Capstone projects provide real-world training and policymaking opportunities

Students present a slideshow in a classroom.
Students present findings from their capstone reports at the end of the spring semester.

Nearly four dozen students from the La Follette School of Public Affairs at UW–Madison concluded their graduate education this spring by completing projects addressing real-world challenges on behalf of clients from the public, non-governmental, and private sectors.

Working in teams of four to six, the students completed nine capstone projects as part of the coursework for the La Follette School’s Workshop in Public Affairs and Workshop in International Public Affairs. Professors Sarah Halpern-Meekin, Gregory Nemet, and Manuel P. Teodoro taught the courses and advised the students on their projects.

“The high value we put on hands-on learning at La Follette is embodied in the capstone projects our students undertake,” Halpern-Meekin said. “These partnerships between La Follette students and local, state, national, and international organizations and governments support students in putting to use the skills they’ve gained in graduate school and contribute to real-world policy work, while also building the portfolio of projects that will help launch the next stage of students’ careers.”
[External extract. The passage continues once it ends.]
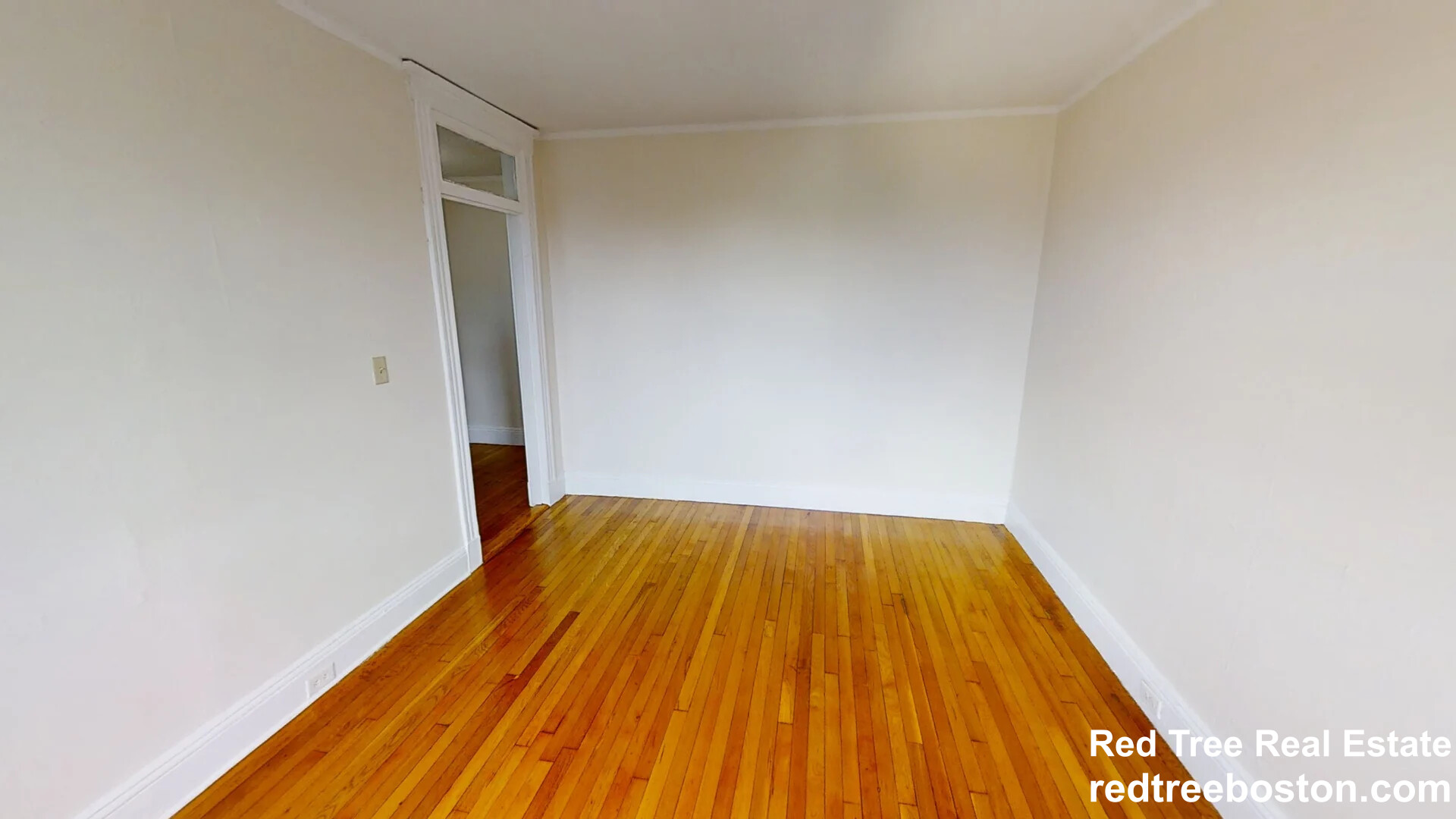 1185 Boylston St, Fenway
A student speaks into a microphone while presenting to an audience.
As part of the course, students work in teams to answer policy questions posed by real-world clients.

In addition to building the students’ portfolios, the resulting reports generated by the students could also be used to help organizations as diverse as the Government Accountability Office (GAO), the City of La Crosse, Outagamie County and the Greater Fox Valley Child Care Alliance, and Open Development Cambodia, to solve problems that could be addressed through public policy.

“The capstone projects are such a meaningful part of a La Follette education because they fit perfectly with the Wisconsin Idea,” Teodoro said. “Our students’ findings in these projects are going to shape actual policy decisions in the real world.”

The Government Accountability Office

The report conducted for the GAO investigated differences in the growth of science, technology, engineering, and math research between the 28 states and territories in The National Science Foundation’s Established Program to Stimulate Competitive Research and jurisdictions not included in the program. While finding that research and doctoral degrees have increased in the program regions, the report makes recommendations about how to improve the program by finding new ways to identify and engage underserved and underrepresented students, among other things.

The City of La Crosse

For the La Crosse report, the students addressed the heat island effect in the city of La Crosse and its impact on the community. It analyzed policy options to mitigate heat effects through the expansion of green spaces within the city and recommends a combination of tree canopy and pocket park expansion within census tracts that lack access to urban green space and contain vulnerable populations.

Outagamie County and the Fox Valley Child Care Alliance

Another team partnered with Outagamie County and the Fox Valley Child Care Alliance to understand how child care availability affects Fox Valley area employers and what they view as challenges and solutions. Based on the findings, this report recommended that Outagamie County begin researching the development of a community fund, foster employer partnerships that support local and state government actions, and encourage businesses to consider providing defined child care benefits.

Open Development Cambodia

The capstone projects even touched on international affairs. The authors of a report commissioned by Open Development Cambodia investigated regulations in the extractive industries in Cambodia. Their analysis found a need for greater transparency and provided recommendations to help the industries in Cambodia work toward that end.

All told, the students’ high-level analysis across the nine projects could have real-world implications for policymaking from the local level all the way up to the international level. At the same time, the students gained practical experience applying the tools of political, economic, and statistical analysis and evaluation. They also gained experience writing in-depth reports and giving high-level presentations when they delivered their findings to the clients at the conclusion of the semester.